Veröffentlicht: Mai 2022

EIn Leben, Zwei Outings plus Migrationsgeschichte – Eine Schublade ist genug!

Seit meiner Geburt und in den ersten Momenten der Wahrnehmungen meiner selbst wusste ich, dass ich nicht in dieses vorhandene Körperkostüm und in die „klassische“ Rollenverteilung passte. Die zugewiesenen Farben (Rot und Pink) und die Vorstellungen der Gesellschaft waren mit meinem Ich nicht kompatibel. Ich wurde dennoch – ohne dass man mir zuhörte oder mich in meinem Dasein erkannte – in das weibliche System gedrückt. Sei es durch die Erziehung oder die gesellschaftlichen Vorgaben in Kindergarten, Schule, Ausbildung und Arbeitswelt. Damals waren Transidentität und Intergeschlechtlichkeit noch nie so sichtbar wie heute.

Es gab keine Wissensvermittlung, Anlauf- und Beratungsstellen – einfach nichts, obwohl trans* und inter* Menschen existieren, seitdem es Lebewesen auf dem Planeten Erde gibt.

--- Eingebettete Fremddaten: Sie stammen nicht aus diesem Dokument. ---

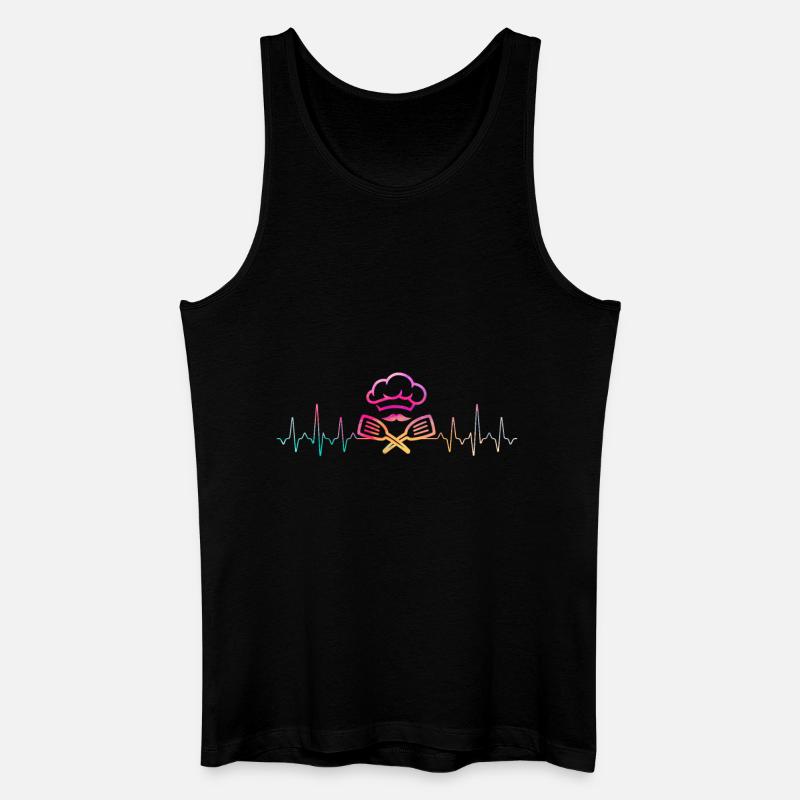 Koch Herzschlag - Männer Bio Tank Top - Schwarz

So wehrte ich mich von Kindesbeinen an gegen dieses weibliche Kostüm und flüchtete viele Jahre in die lesbische Schublade, in der ich für meine damaligen Begriffe annährend ich sein, männliche Kleidung tragen durfte und mich so verhalten konnte wie ich wollte, eben für mich nicht weiblich. Ich nahm dieses „Versteck“ in Kauf und outete mich wie selbstverständlich bei allen Menschen in meinem Umfeld als lesbisch. Die Reaktionen, vielen Fragen, Vorurteile und Diskriminierungen waren mir aufgrund meiner schottisch-türkischen Migrationsgeschichte von klein auf sehr geläufig – ich war quasi schon „trainiert“ darin, diese Diskriminierung auf allen Wegen auszuhalten zu müssen. Was blieb mir auch anderes übrig?

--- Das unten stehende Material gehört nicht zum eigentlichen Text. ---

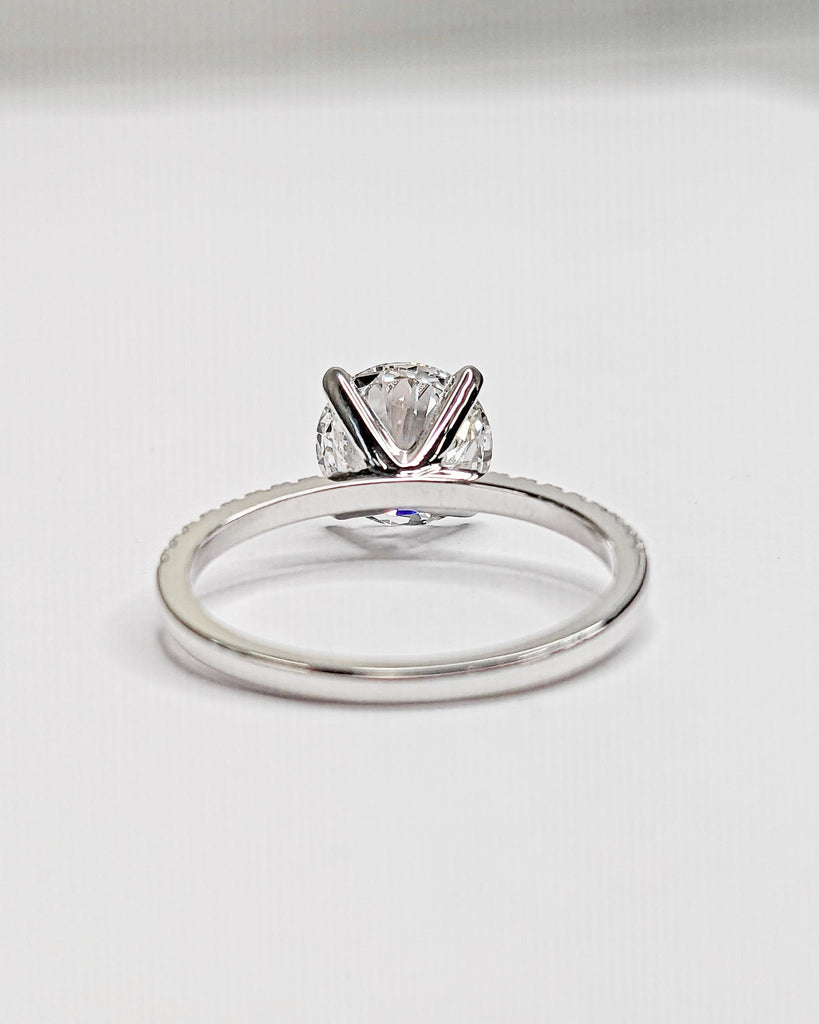 Round Cut Moissanite Engagement Ring | 18K White Gold Promise Ring | Dainty Diamond Proposal Ring | Personalized Wedding Ring | Anniversary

Meine Mutter war nicht überrascht und meinte, ich sei ja sowieso immer wie ein Junge gewesen. Mit dem Unterschied, dass ich schon immer einer war und bin. Sie wusste es nicht besser, woher denn auch? Der Rest der deutsch-schottisch-türkischen Verwandtschaft reagierte unterschiedlich. Von „das wussten wir schon immer“ bis „dieser Mensch kommt nicht mehr in mein Haus“ war alles dabei.

Es war ein enormer Kraftakt für mich, all die Jahre in mir selbst gefangen zu sein. Jedes Mal, wenn ich den Mut hatte, wirklich „herauszukommen“, passierte etwas, das mich zurückwarf: aus Angst vor den Reaktionen meiner Familie, Freund_innen, Kolleg_innen, Angst vor dem Verlust meines Traumberufes, Angst vor der Trennung meiner damaligen Frau. Und irgendwann lernst du, diese Rolle zu spielen, versuchst dir einzureden, es wird schon auch so irgendwie lebenswert sein.

Doch das ICH-sein-dürfen, frei sein können und der Wunsch, dieses Körperkostüm verschwinden zu lassen, wurde im Laufe der Jahre immer stärker und stärker. Sich vor dem Spiegel anzuschauen und – damals als Kind wie im Erwachsensein – den Wunsch zu verspüren, diesen Ballast einfach abzuwerfen und endlich glücklich und frei sein zu können … dieser Traum, dieses Gefühl war kräftezerrend und unerreichbar, denn ich konnte nicht aus mir heraus. Die Angst war viele Jahre zu groß.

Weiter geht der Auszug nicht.